GamesBeat: Did you handle the console port, or did you work with someone else on that?
Hoebe: We did it ourselves. For the initial version of Verdun for consoles in 2016, we had an external partner, but we were not quite happy with how that version launched. We took a step back and — I think it was 2017 when we decided to make our entire C codebase also run on consoles. We brought it completely in house. M2H, our partners, had some experience with other cross-platform tech on some of their party games. Using that knowledge, we completely converted the PC game to console. A big component, we had to revamp the entire user interface to work with controllers. But now you can plug in a console controller on PC and it’ll switch automatically. The controller part and the UI part was just about a third of the work for the console. Another third was getting the performance to work. With a high-end PC game you have way more leeway than you do on a standard Xbox. There’s very little memory. The CPU is not that powerful. We needed to make a lot of adjustments. And then another third was obviously the process of meeting Sony and Microsoft’s specification. At the final phase we were actually rejected because of some kind of language issue. “Controller” wasn’t capitalized or something. That took another three weeks of launch time away. We had to recertify the game, which is a pretty long process compared to PC. Steam is much more forgiving in that regard.

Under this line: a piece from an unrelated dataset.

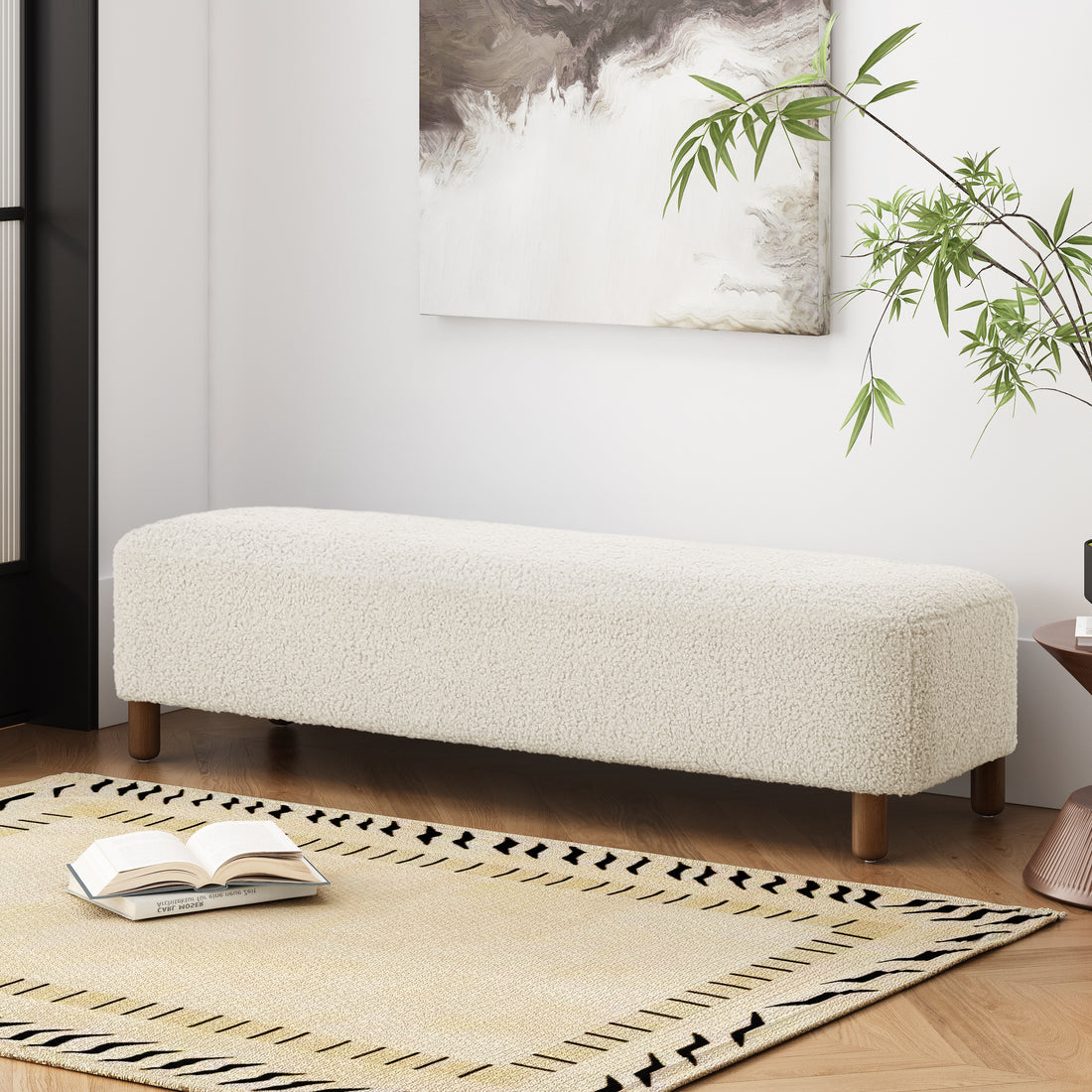 Comfortable Ottoman, White White Polyester Wood Polyester Or Polyester Blend Backless Solid Casual,Modern Pine Rectangle Armless Polyester Polyester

GamesBeat: Will you do the porting in-house again with future projects?
Hoebe: Yeah, this is something we have in-house now, all the knowledge. We can do it now. The entire engine base is converted now. It was a good experience, to go through that entire process.
GamesBeat: Now that you’ve released both of your games and you have this on console now, what’s next?

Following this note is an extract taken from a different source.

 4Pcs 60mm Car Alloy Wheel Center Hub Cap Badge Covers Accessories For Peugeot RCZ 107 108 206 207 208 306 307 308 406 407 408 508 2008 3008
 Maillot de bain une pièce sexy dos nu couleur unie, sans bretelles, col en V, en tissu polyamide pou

Hoebe: We’d very much like to continue the series. We’re not sitting still. I can’t say what we’re doing next, but …
GamesBeat: Are you open to leaving Europe and looking at the Middle East, or would you rather stay with Europe, where you have so much historical documentation?

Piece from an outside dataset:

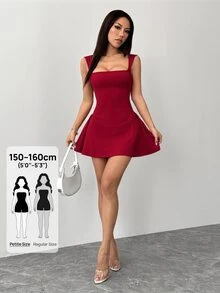SHEIN PETITE PETITE 女款約會之夜派對純色深紅色迷你 A 字豐滿方領性感優雅收腰洋裝，夏季洋裝，小碼 - 酒紅色 - 查看 3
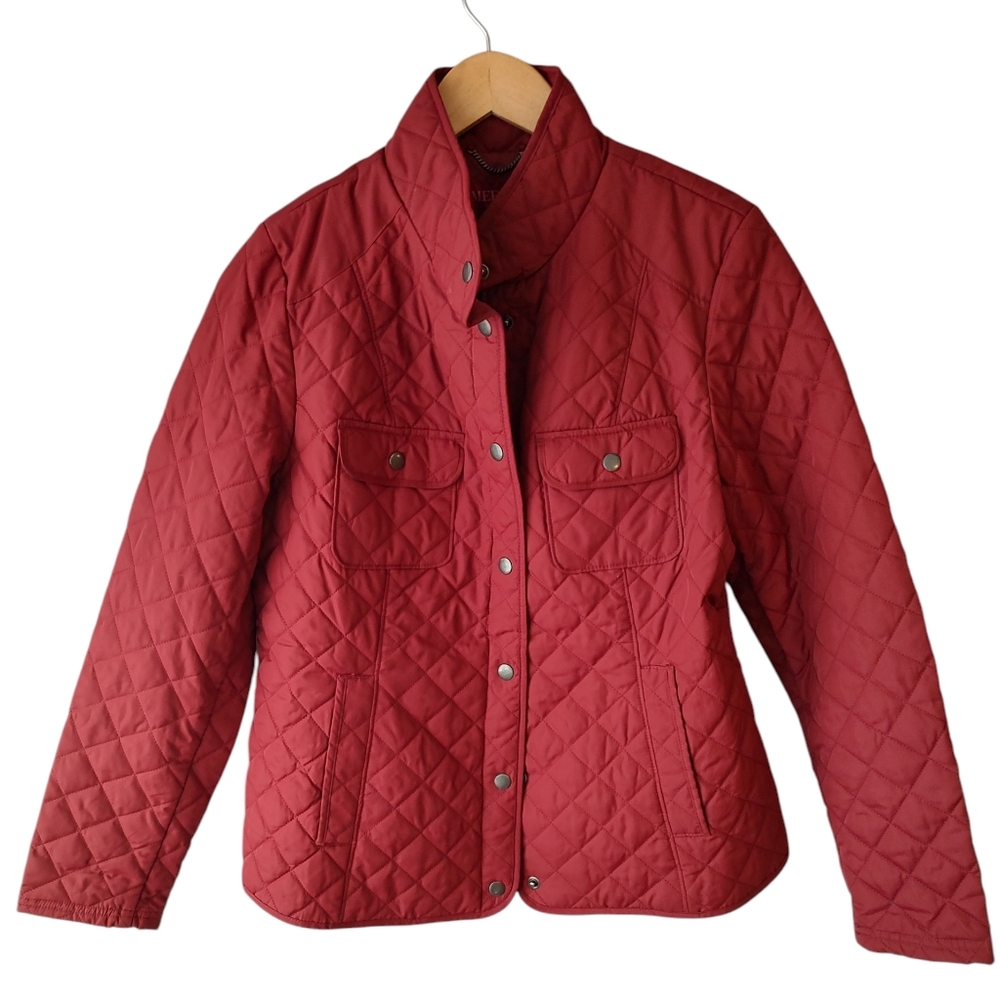 Merona Burnt Red Quilted Jacket Size Large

Hoebe: Either of those is an option. The Middle East, Gallipoli, that could be very interesting. Italy, with the Alps, also interesting. Africa, the African theater. I think our format is trying to look at a front and distill the essence of the combat there. I’m very passionate to continue our game, in the light of the expectations. Hopefully we can do another game. But again, looking at the front and distilling the essence of it, like we did with Verdun with the front line game mode and trench warfare. Tannenberg, the eastern front and maneuver warfare there. Looking to one of the other fronts to see what kind of warfare happened there and trying to distill the essence from it, to do justice to the historical nature of the battles that took place on that front.
GamesBeat: Do you have any interest in porting to the PS5 or Xbox Series X?
Hoebe: Absolutely, yeah. It’s faster technology. It looks amazing, the new consoles. From what we’ve seen, I’m not sure what I can share or not about it, but we’ve been reaching out to our partners and trying to get the ball rolling. We’re very much interested and excited for it.